Zu berücksichtigen ist allerdings noch, daß eine Abweichung vom behördlich genehmigten Bauplan dann nicht vorliegt, wenn in den Bauplänen Rohbaumaße ohne Verputz enthalten waren, in der Folge aber in den Wohnungseigentumsobjekten Verputz aufgebracht und damit die Nutzfläche geringfügig geändert wird. Ob das allein auch bei den festgestellten Abweichungen der Fall ist, läßt sich dem Gutachten des Sachverständigen nicht eindeutig entnehmen und wird noch zu klären sein.

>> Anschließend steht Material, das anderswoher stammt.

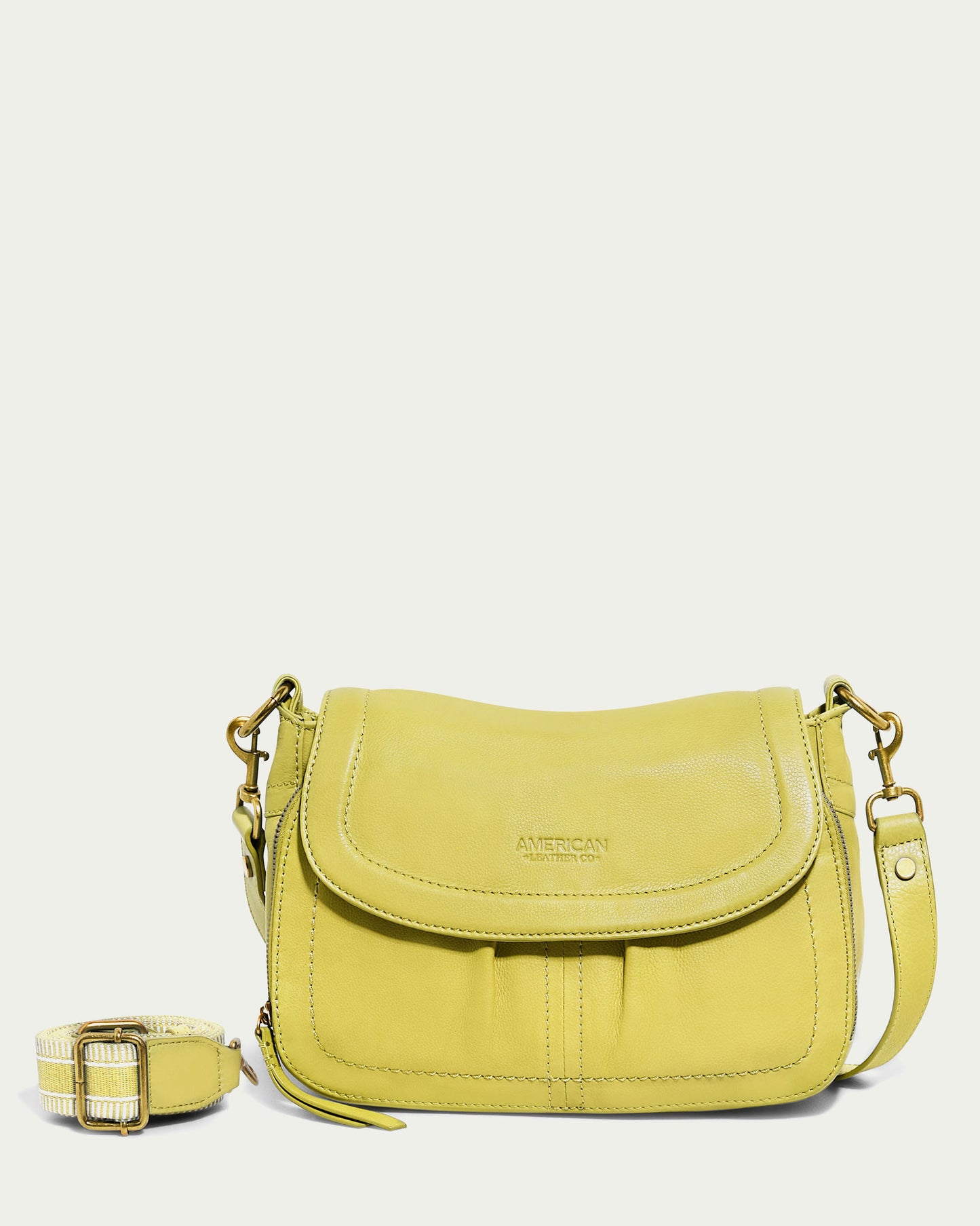 A lime green Marino Crossbody with a flap closure is showcased against a light background. This chic accessory, crafted from premium leather, features a functional design with a detachable shoulder strap and displays the embossed brand name "American Leather Co." on the front.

Die von den Antragsgegnern (Wohnungseigentumsbewerbern) vorgetragene Auffassung, daß der Gesetzgeber geschlossene Garagenräume als selbständige Objekte gemäß § 1 Abs. 1 WEG 1975 nur in sogenannten Parkhäusern dulden wollte, findet im Gesetz keine Deckung, weil hier neben den deutlich abgegrenzten Abstellflächen (Abstellplätzen) für Kraftfahrzeuge in einer Baulichkeit, die ausschließlich zum Abstellen von Kraftfahrzeugen gewidmet und auf einer überwiegend nur diesem Zweck dienenden Liegenschaft errichtet ist (so insbesondere Parkhäuser), auch selbständige in sich geschlossene Räume zur Einstellung von Kraftfahrzeugen angeführt werden (Faistenberger - Barta - Call a.a.O. 48 f.). Entgegen der Auffassung der Rekurswerber bezieht sich der Begriff der Baulichkeit in der genannten Gesetzesstelle nicht auch auf die in sich geschlossenen Räume. Dies erhellt schon hinlänglich aus dem Gesetzeswortlaut und wird auch in den Erläuternden Bemerkungen in diesem Sinn dargetan. Demnach kann Wohnungseigentum an einem selbständigen in sich geschlossenen Raum zur Einstellung von Kraftfahrzeugen, aber auch in besonderen (Keller-)Parkgaragen, begrundet werden, wobei in diesen Fällen der Nutzwert auch dann festgesetzt und im Gesamtnutzwert gesondert ausgewiesen werden muß, wenn es ungewiß ist, ob hieran Wohnungseigentum begrundet wird (Meinhart, Wohnungseigentumsgesetz 1975, 55, 56, 59).